> _What you will do_: The goal is to restate all of the records below word for word.

> _Available records_:
--------------------------------

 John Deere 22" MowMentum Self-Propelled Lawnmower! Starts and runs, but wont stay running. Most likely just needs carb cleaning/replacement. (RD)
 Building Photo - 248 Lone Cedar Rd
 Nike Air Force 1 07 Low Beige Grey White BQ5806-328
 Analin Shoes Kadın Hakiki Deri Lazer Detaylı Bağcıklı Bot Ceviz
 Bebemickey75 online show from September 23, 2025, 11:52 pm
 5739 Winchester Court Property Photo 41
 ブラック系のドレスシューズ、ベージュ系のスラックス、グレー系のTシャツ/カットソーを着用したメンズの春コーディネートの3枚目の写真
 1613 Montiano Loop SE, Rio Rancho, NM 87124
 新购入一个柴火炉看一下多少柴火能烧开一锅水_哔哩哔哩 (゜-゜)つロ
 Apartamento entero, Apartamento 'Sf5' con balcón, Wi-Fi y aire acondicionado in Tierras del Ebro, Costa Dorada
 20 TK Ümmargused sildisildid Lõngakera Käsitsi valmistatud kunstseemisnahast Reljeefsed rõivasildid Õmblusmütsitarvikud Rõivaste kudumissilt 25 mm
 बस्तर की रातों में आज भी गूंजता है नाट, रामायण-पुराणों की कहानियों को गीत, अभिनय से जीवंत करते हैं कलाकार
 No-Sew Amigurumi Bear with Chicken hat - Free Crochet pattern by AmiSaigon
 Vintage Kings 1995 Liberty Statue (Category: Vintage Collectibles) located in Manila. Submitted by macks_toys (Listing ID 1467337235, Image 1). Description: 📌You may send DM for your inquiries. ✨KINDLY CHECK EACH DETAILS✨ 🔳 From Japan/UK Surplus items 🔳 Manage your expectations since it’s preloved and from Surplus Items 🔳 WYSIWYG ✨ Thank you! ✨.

--------------------------------

> _Result below_:
 John Deere 22" MowMentum Self-Propelled Lawnmower! Starts and runs, but wont stay running. Most likely just needs carb cleaning/replacement. (RD)
 Building Photo - 248 Lone Cedar Rd
 Nike Air Force 1 07 Low Beige Grey White BQ5806-328
 Analin Shoes Kadın Hakiki Deri Lazer Detaylı Bağcıklı Bot Ceviz
 Bebemickey75 online show from September 23, 2025, 11:52 pm
 5739 Winchester Court Property Photo 41
 ブラック系のドレスシューズ、ベージュ系のスラックス、グレー系のTシャツ/カットソーを着用したメンズの春コーディネートの3枚目の写真
 1613 Montiano Loop SE, Rio Rancho, NM 87124
 新购入一个柴火炉看一下多少柴火能烧开一锅水_哔哩哔哩 (゜-゜)つロ
 Apartamento entero, Apartamento 'Sf5' con balcón, Wi-Fi y aire acondicionado in Tierras del Ebro, Costa Dorada
 20 TK Ümmargused sildisildid Lõngakera Käsitsi valmistatud kunstseemisnahast Reljeefsed rõivasildid Õmblusmütsitarvikud Rõivaste kudumissilt 25 mm
 बस्तर की रातों में आज भी गूंजता है नाट, रामायण-पुराणों की कहानियों को गीत, अभिनय से जीवंत करते हैं कलाकार
 No-Sew Amigurumi Bear with Chicken hat - Free Crochet pattern by AmiSaigon
 Vintage Kings 1995 Liberty Statue (Category: Vintage Collectibles) located in Manila. Submitted by macks_toys (Listing ID 1467337235, Image 1). Description: 📌You may send DM for your inquiries. ✨KINDLY CHECK EACH DETAILS✨ 🔳 From Japan/UK Surplus items 🔳 Manage your expectations since it’s preloved and from Surplus Items 🔳 WYSIWYG ✨ Thank you! ✨.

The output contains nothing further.